On the first day of Rosh Hashanah in 1939, Nazi Gestapo forced the Rabbi of Drobin, Poland, Rabbi Shmuel Eliyahu Klibansky, as well as other Jews, to sweep the marketplace.
A viable state
On Yom Kippur Eve, October 4, 1946, President Harry Truman gave a speech that many believe laid the groundwork for the founding of modern Israel.
He asked that immigration barriers be lowered, allowing more Holocaust survivors to come to America and announced that the U.S. government would support a “viable Jewish state in an adequate area of Palestine.”

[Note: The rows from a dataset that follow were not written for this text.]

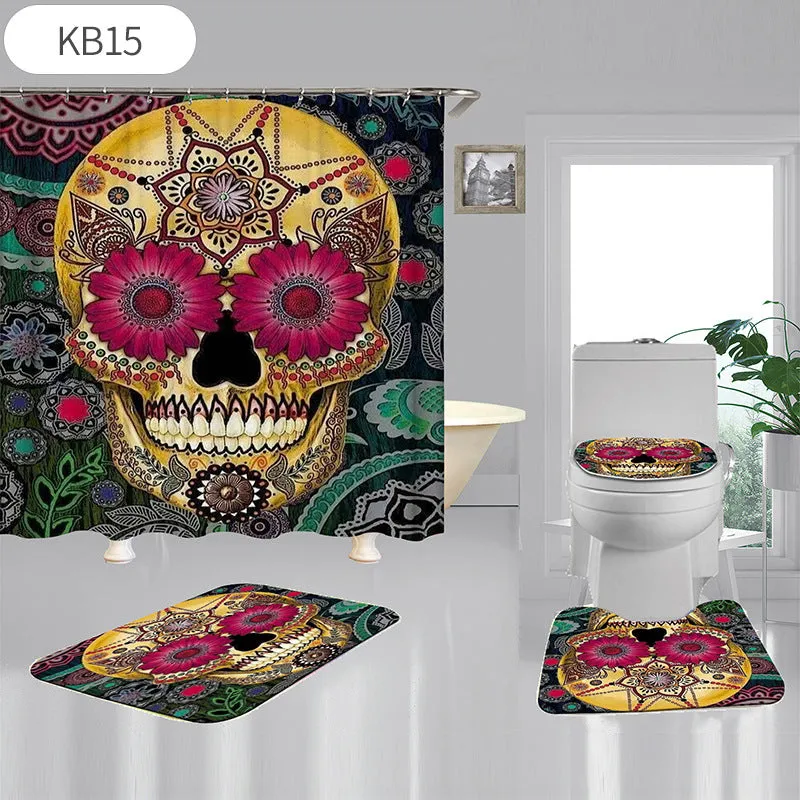 Skulls Digitally Printed Shower Curtain, Commode seat Cover & Non-slip Mat * 19 Styles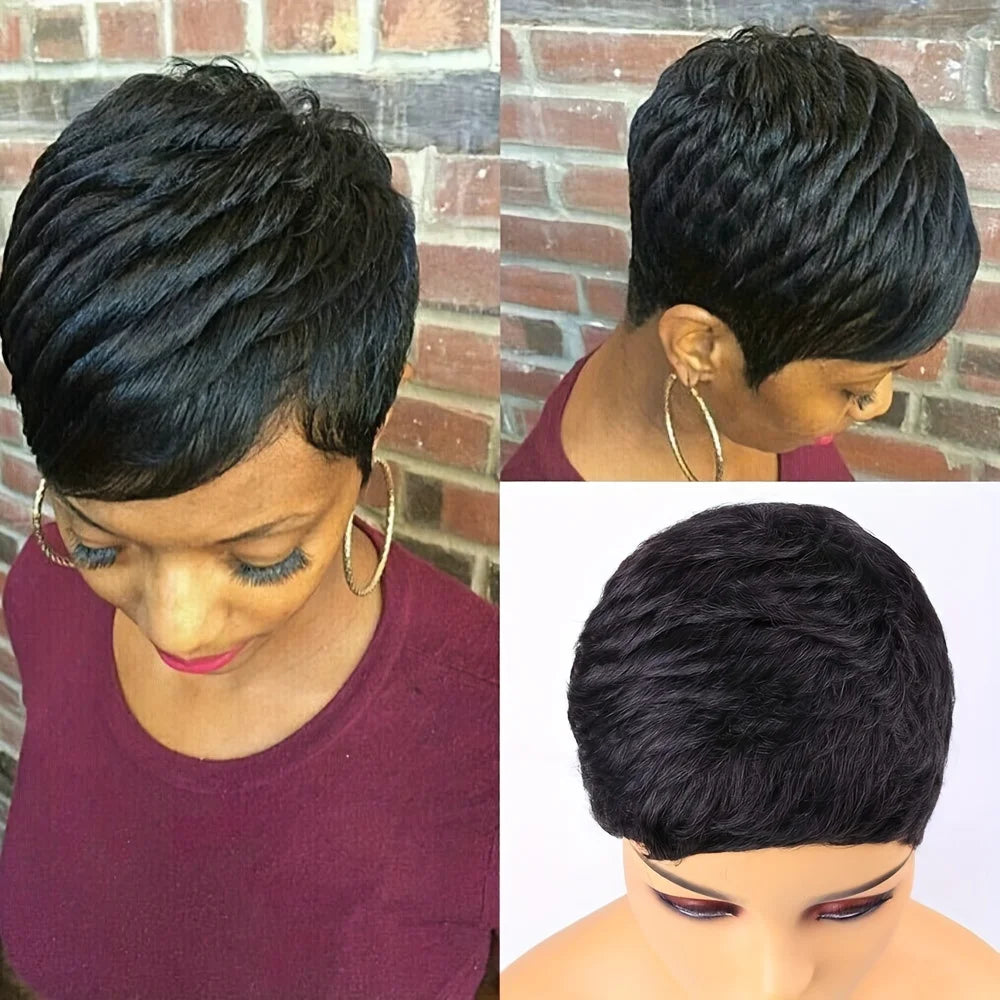 150% Density Chic Pixie Cut Human Hair Wig with Bangs - Brazilian Non-Lace Front, Full Machine-Made for Everyday Elegance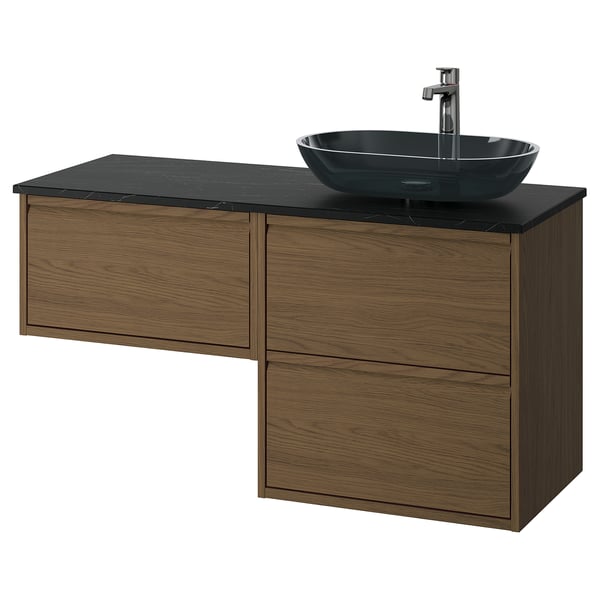ÄNGSJÖN / OXMYREN wash-stand/wash-basin/tap, brown oak effect/black marble effect, 122x49x77 cm
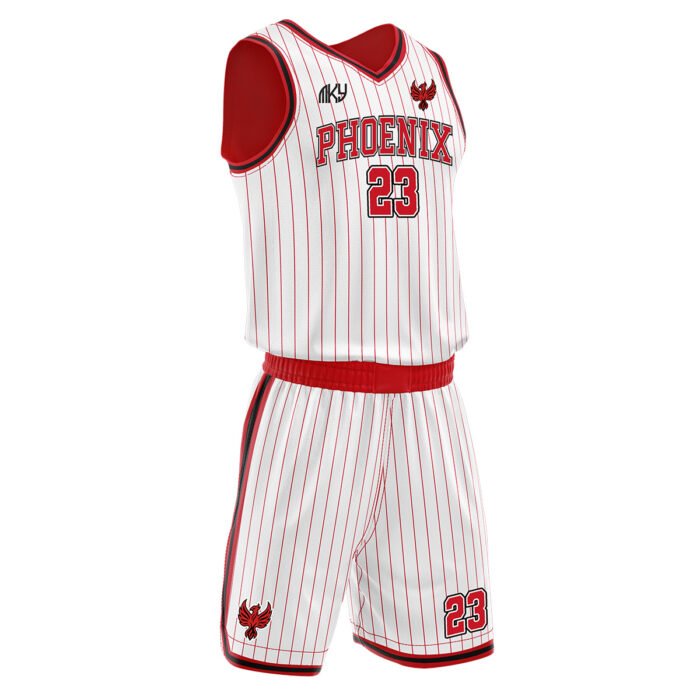 Fenix white and red custom basketball uniform by MKY Apparels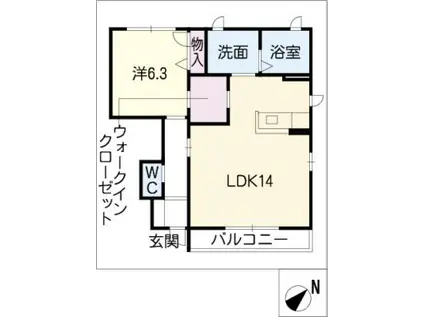 ディアコート蔵子7 B棟(1LDK/1階)の間取り写真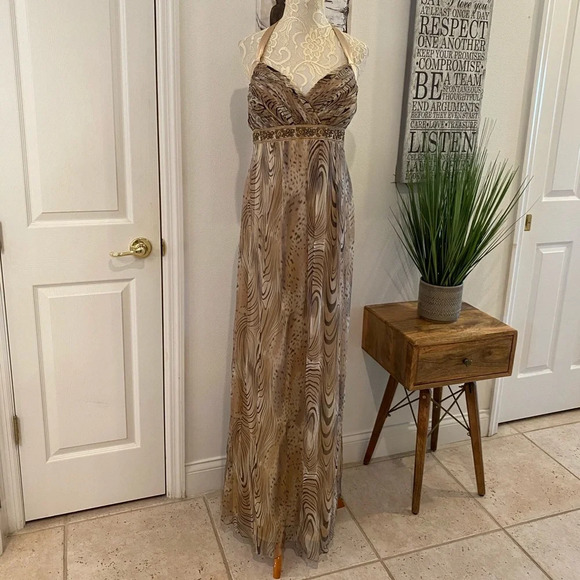 Faviana Couture Animal Print Silk Formal Prom Gown - Picture 4 of 10
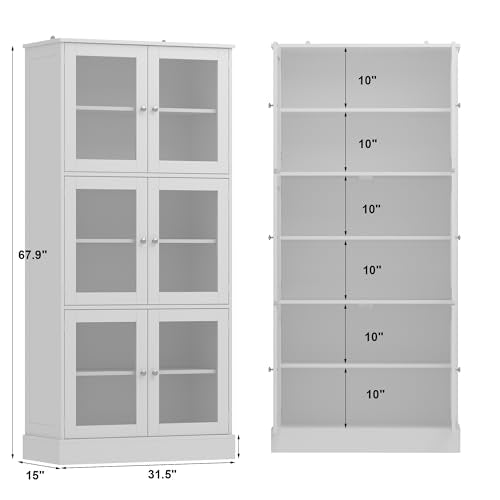 Hitow 67.8" Tall Curio Cabinet Glass Storage Cabinet with 6-Tier Shelf, Large Display Bookshelf Bookcase with 6 Glass Doors, Liquor Cabinet for Home Office Living Room Kitchen, White 31.5" W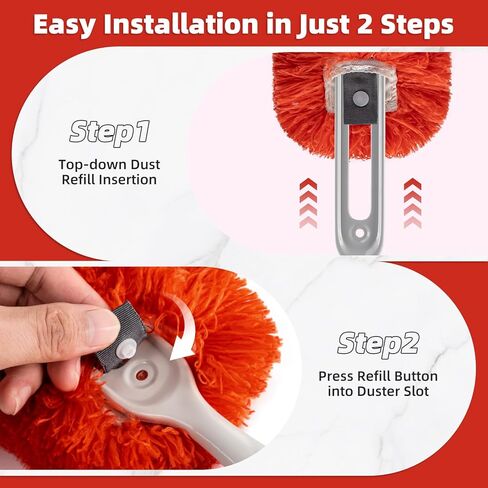 Reusable Microfiber Duster Refills Compatible with MR.SIGA & OXO Dusters – Washable Duster Replacement Heads for Scratch-Free Dust and Hair Cleaning (Included Microfiber Cleaning Cloth & Laundry Bag) in Kuwait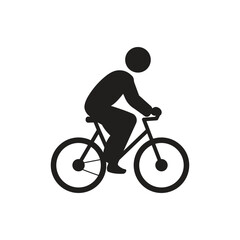 Person Riding Bicycle Silhouette, Flat Cycle Icon.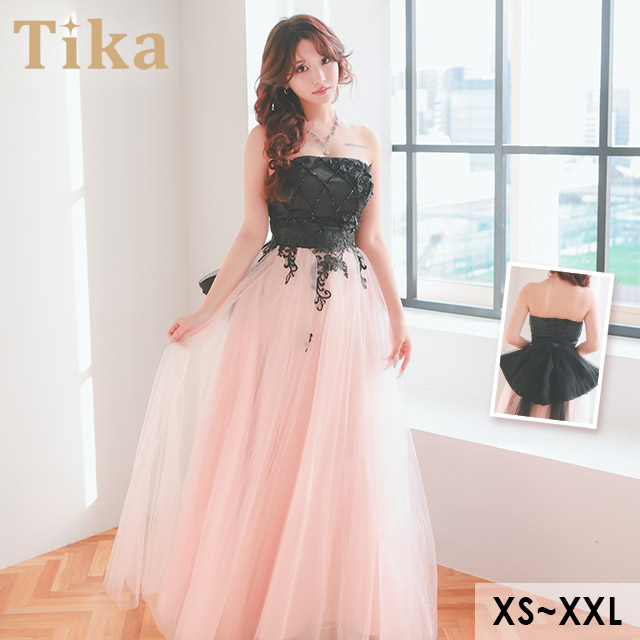 セクシーバックレスリボン ロングドレス Tika（ティカ） 【まとめ買いお得】キャバドレス セクシー ロング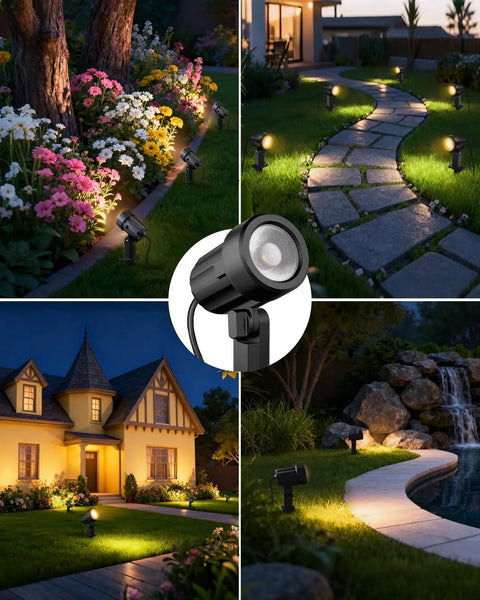 Low Voltage Landscape Lighting Kit With 12 Led Spotlights, 100 Ft Wire, Transformer And 24 Connectors illuminating garden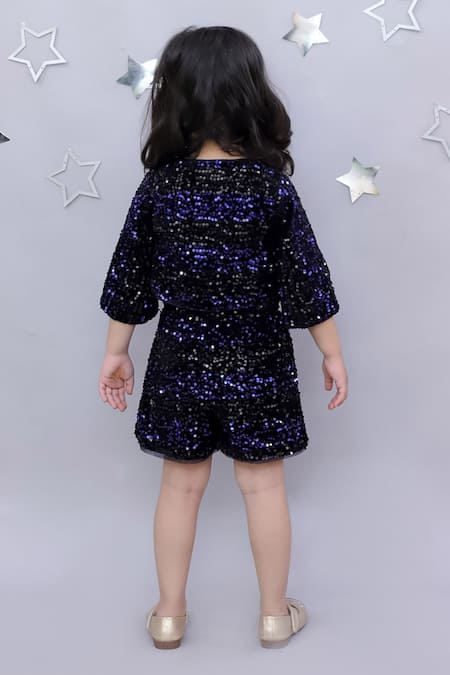 Lil Drama Velvet Sequin Jacket & Shorts Set 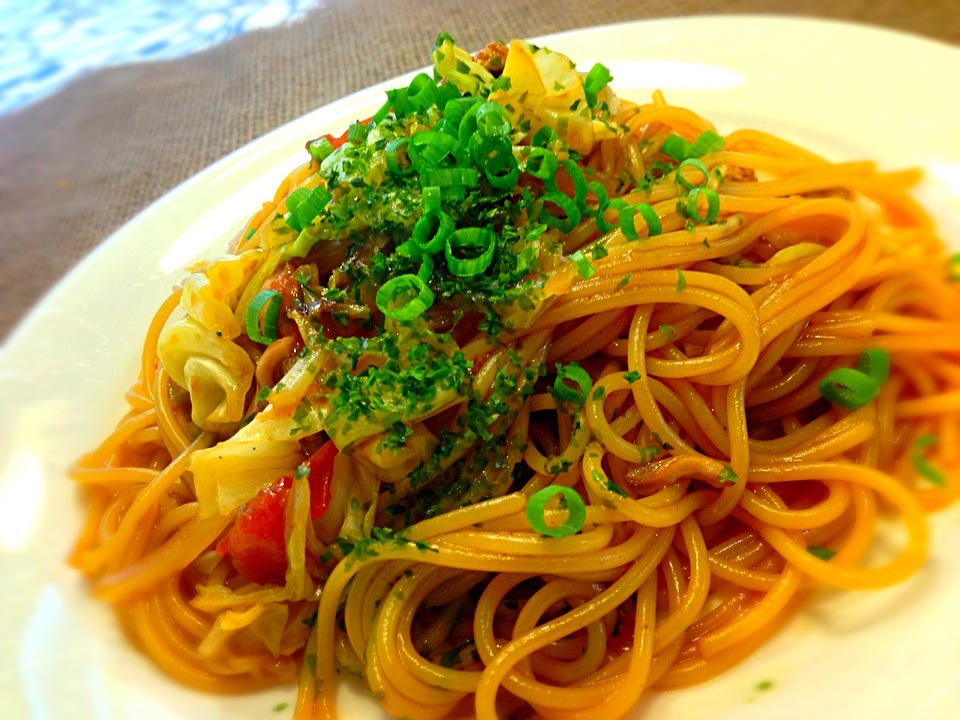 パスタで焼きそば♡塩辛入り〜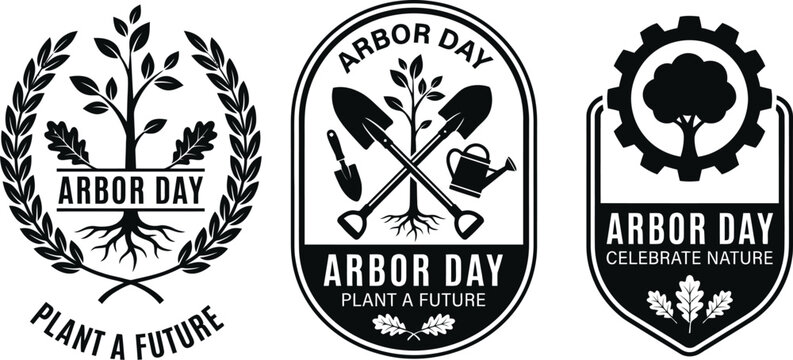 Arbor day badge and sticker design set with trees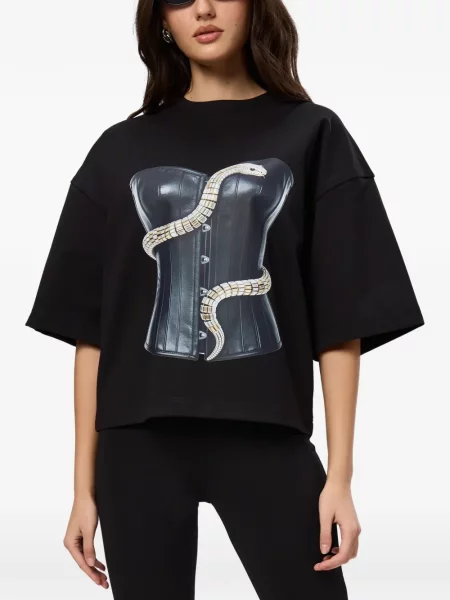 Tricou Hamza cu model piele de șarpe negru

‘Bet you wish I was Jewish’
In 1965, Sandy Koufax, the Hall of Fame pitcher, decided not to pitch Game 1 of the World Series because it fell on Yom Kippur. When pitcher Don Drysdale took Koufax’s place and fared poorly, giving up seven runs in 2 innings, he told his manager as he was pulled from the game: “I bet right now you wish I was Jewish, too.”
On October 6, 1973 — Yom Kippur, the holiest day in the Jewish calendar — Egypt and Syria opened a coordinated surprise attack against Israel with the intent of destroying the Jewish state. On the Golan Heights, approximately 180 Israeli tanks faced impossible odds — 1,400 Syrian tanks. Along the Suez Canal, 436 Israeli defenders were attacked by 80,000 Egyptians. Nine Arab states, including four non-Middle Eastern nations, sent troops to destroy Israel once and for all.
Fighting for a nation’s life
Thrown onto the defensive during the first two days of fighting, Israel repulsed the invaders and carried the war deep into Syria and Egypt, which were saved from disastrous defeat by a cease fire declared by the UN Security Council — which had stood idly by when the battle was going in the Arabs’ favor.
On the eve of Yom Kippur 2009, the Islamic Republic of Iran announced it would conduct war games and fire missiles capable of hitting Israel while Jews around the world were praying. The Revolutionary Guards website said that the simultaneous firing of missiles at targets, would “raise the deterrence capability of the Iranian armed forces” and noted it had a new missile that could reach Israel. No missiles were fired although Israeli defensive forces had to stay on alert rather than spend time with their families.